Work to complete =>
With every picture left out, give the data below back exactly.

Captioned web image data

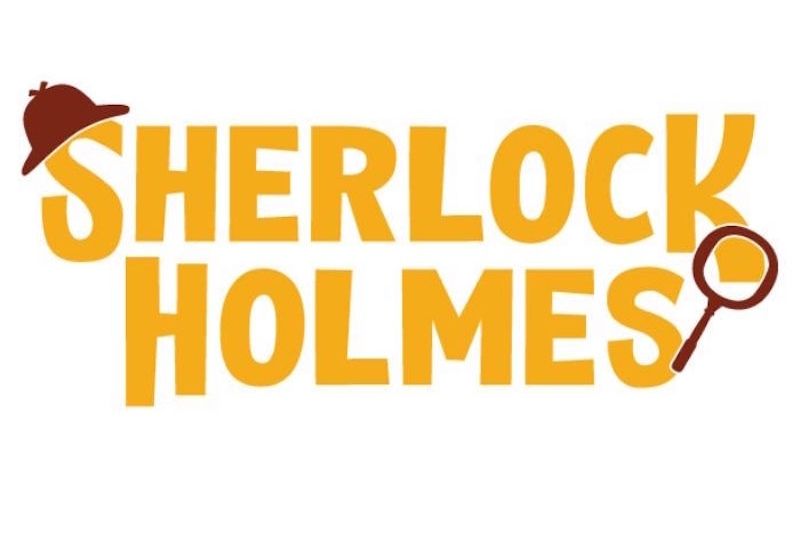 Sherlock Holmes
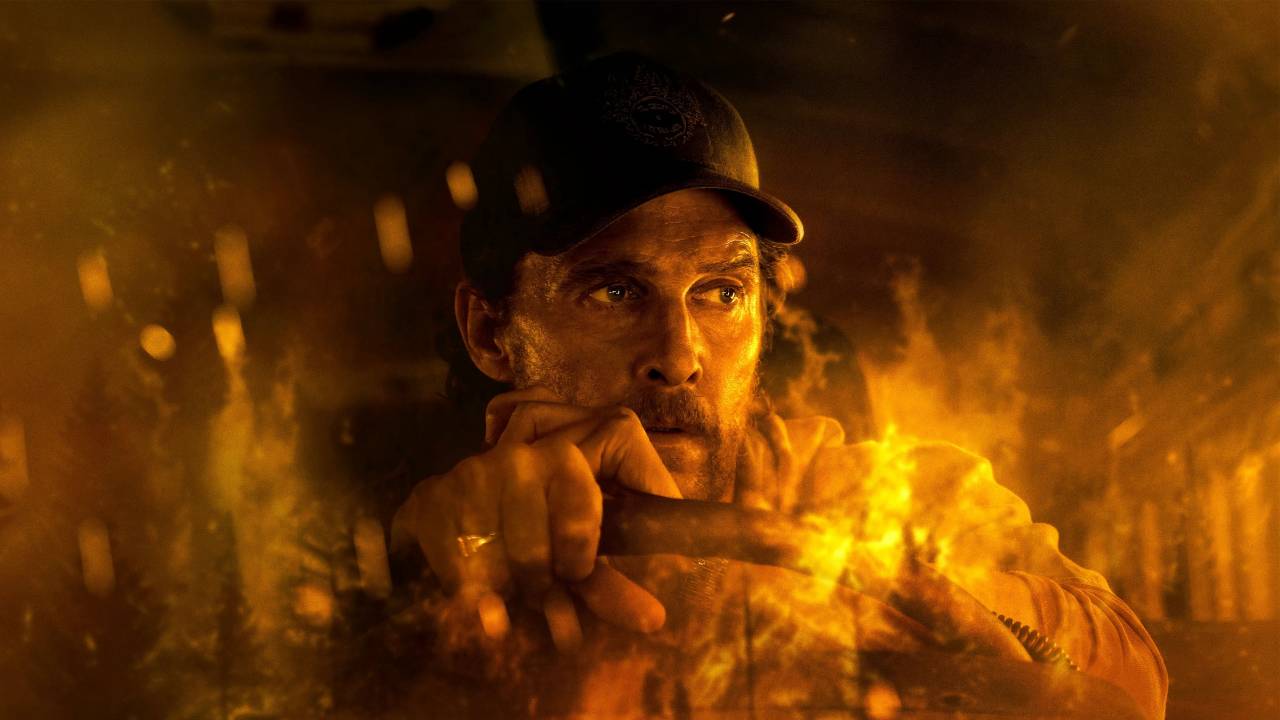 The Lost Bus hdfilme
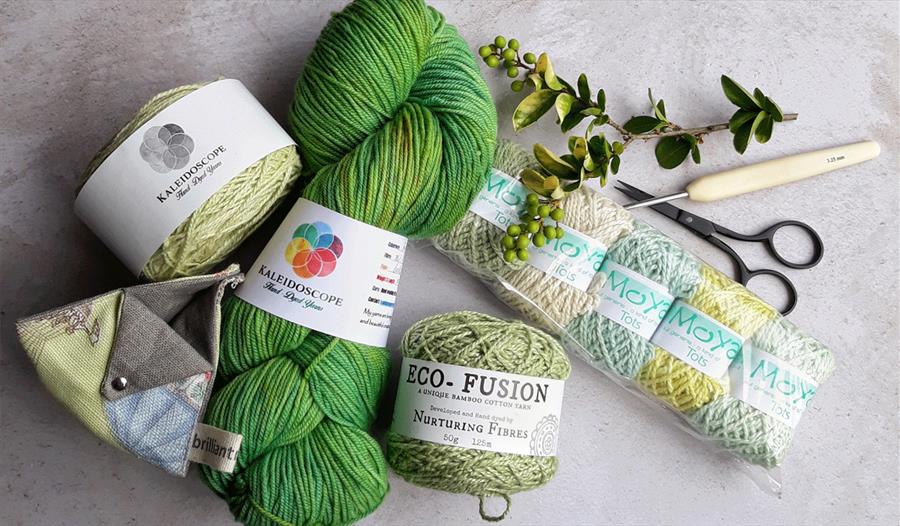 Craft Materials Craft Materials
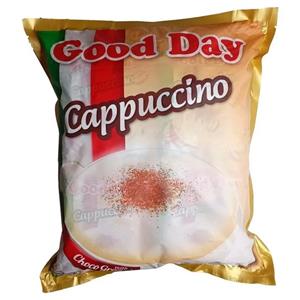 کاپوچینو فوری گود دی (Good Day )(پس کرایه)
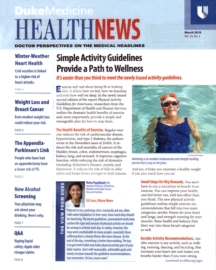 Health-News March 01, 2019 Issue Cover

Response =>
 Sherlock Holmes
 The Lost Bus hdfilme
 Craft Materials Craft Materials
 کاپوچینو فوری گود دی (Good Day )(پس کرایه)
 Health-News March 01, 2019 Issue Cover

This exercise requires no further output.